Uma princesa afro-algumacoisa a um passo de descobrir que seu amado sapo é na verdade um pegajoso príncipe — infelizmente na vida real costuma ser o inverso.

Em Anatomy of Love a antropóloga americana Helen Fisher levanta uma lebre de certo modo antiga, mas pouco abordada nos estudos a respeito da fisiologia e da neurociência: o sentimento amoroso como um vício, atuando em quase todos os humanos de modo padrão. Fisher postula que já há dados suficientes, em diferentes pesquisas, para de fato classificar o amor romântico como um vício, ainda que seu diagnóstico seja sempre problemático e aberto a outros circuitos do cérebro. Não por acaso, uma das muitas fases difíceis desse sentimento é sua validação, a passagem da “cosa mentale” — como Leonardo da Vinci se referia à arte — a algo que, apesar de continuar sendo puramente mental, se cristaliza no objeto amado, como bem cita a Busca para se referir a Gilberte Swann.

A vantagem de se estudar Marcel Proust é poder usar sua obra para abordar qualquer tema. Tal qual Shakespeare, o romancista francês ilustra com seus personagens, suas cidades, suas viagens de trem, uma espécie de conflito do homem moderno em resolver suas pendências com o passado, consigo mesmo e com o que restou de suas memórias. Ora, e o que somos, afinal, senão nossas memórias? Os nossos amores, enquanto significam amor a uma certa criatura, não são talvez alguma coisa muito real. São só intermitências do coração, na visão do autor — expressão esta que aliás serviria de título à Busca, não fosse uma decisão de edição posterior à composição do romance.

Albertine, a jovem ciclista com um sinalzinho no queixo, ocupa boa parte das milhares de páginas de Proust. Como uma obsessão, ela conserva um “dispositivo” que permite fazer desaparecer a realidade e, espanto!, não somente a realidade exterior como a realidade subjetiva desse narrador tão meticuloso em classificar seu amor. O fato de existirem amores, belos e mentais, contenta em nós um materialismo inato, combatido pela razão, e que serve mesmo de contrapeso às maiores abstrações da estética. Como uma substância que desequilibra os níveis de dopamina em nosso cérebro, um amor desarranja qualquer possibilidade de ordem racional. Faz lembrar, em oposição, um certo Zeno, para quem a nicotina se havia interposto como uma constante sucessão de últimos cigarros. Nosso último amor será nosso último cigarro.

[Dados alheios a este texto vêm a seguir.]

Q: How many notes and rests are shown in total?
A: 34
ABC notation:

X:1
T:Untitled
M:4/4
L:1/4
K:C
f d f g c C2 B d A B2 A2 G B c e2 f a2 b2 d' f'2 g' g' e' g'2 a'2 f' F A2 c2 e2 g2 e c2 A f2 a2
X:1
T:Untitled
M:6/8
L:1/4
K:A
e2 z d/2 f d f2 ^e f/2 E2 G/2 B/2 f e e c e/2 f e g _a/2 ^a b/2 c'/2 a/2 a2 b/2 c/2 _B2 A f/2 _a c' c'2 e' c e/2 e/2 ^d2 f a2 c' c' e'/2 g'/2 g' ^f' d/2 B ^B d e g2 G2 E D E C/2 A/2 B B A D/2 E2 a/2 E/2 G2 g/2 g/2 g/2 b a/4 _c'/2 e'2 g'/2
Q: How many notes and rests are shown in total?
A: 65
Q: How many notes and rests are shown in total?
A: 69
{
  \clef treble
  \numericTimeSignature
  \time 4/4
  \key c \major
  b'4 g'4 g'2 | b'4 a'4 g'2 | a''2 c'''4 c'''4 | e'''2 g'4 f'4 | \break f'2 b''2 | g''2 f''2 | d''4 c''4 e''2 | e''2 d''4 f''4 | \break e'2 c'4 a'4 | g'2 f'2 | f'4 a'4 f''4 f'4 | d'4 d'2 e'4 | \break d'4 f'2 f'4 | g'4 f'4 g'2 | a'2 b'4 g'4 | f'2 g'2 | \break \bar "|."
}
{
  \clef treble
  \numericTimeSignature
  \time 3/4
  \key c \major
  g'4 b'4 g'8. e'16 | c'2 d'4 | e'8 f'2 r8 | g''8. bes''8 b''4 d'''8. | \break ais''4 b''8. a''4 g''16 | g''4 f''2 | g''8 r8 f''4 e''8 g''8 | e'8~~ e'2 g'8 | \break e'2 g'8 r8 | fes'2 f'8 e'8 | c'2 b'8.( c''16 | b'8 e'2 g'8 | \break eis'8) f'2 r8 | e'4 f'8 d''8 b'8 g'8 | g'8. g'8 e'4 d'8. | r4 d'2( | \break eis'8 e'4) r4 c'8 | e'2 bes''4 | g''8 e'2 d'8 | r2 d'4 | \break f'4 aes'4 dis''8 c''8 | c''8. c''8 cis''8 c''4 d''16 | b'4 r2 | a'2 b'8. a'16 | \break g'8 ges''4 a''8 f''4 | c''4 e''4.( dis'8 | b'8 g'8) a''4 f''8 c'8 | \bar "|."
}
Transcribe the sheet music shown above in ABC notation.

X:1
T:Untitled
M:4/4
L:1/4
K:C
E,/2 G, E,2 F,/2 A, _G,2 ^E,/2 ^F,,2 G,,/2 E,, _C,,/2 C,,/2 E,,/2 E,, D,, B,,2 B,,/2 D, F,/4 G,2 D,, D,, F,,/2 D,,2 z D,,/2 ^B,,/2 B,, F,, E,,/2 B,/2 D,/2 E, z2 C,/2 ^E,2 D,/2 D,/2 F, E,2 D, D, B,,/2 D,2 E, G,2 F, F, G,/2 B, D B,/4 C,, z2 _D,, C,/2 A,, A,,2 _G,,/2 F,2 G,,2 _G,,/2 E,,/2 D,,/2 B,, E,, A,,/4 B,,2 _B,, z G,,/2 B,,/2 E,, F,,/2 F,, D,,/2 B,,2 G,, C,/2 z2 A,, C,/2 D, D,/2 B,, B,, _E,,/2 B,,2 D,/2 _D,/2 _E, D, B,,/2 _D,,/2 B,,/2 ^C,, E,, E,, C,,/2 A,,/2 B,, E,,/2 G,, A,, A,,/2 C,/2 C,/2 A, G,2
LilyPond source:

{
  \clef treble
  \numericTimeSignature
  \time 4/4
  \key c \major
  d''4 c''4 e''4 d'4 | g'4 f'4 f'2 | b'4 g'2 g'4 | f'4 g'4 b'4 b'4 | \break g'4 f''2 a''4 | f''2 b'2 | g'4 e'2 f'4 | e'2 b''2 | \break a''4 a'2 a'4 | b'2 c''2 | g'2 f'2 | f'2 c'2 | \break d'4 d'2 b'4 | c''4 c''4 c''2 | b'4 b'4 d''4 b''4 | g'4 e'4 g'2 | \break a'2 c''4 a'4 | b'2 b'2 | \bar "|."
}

A Consciência de Zeno, romance de Italo Svevo, configura mais um tipo patológico, que se poderia associar a uma encefalite letárgica ou a um hipopituitarismo, ambos os males raríssimos. Encarar o amor (ou sua falta) como um déficit hormonal pode até soar cientificista demais quando a literatura e nossas próprias histórias individuais o descrevem melhor que um par de ressonâncias magnéticas. Se Proust, que travou contato com os maiores neurologistas de sua época (Charcot, Sollier) por intermédio de seu pai que era médico, analisa o sentimento amoroso em relação à experiência estética como um todo, ainda que sempre sob o norte dos disparos mentais de cada amor em cada uma de suas fases, qualquer observação concreta em laboratório mais serve para confirmar a literatura, do que para invalidá-la ou antecedê-la.

Ora, os dados reais da vida não têm valor para o artista ou para o sujeito apaixonado. A beleza da vida e a beleza de nossos amores, a primeira troca de olhares, tangenciam qualquer maior teoria do amor, passam adiante. Estamos perdidos buscando novas concepções, novos amores, retardando sem cessar a temida volta das emoções inúteis. Somos feitos apenas de instantes. Como diz Proust, “tudo está perdido”.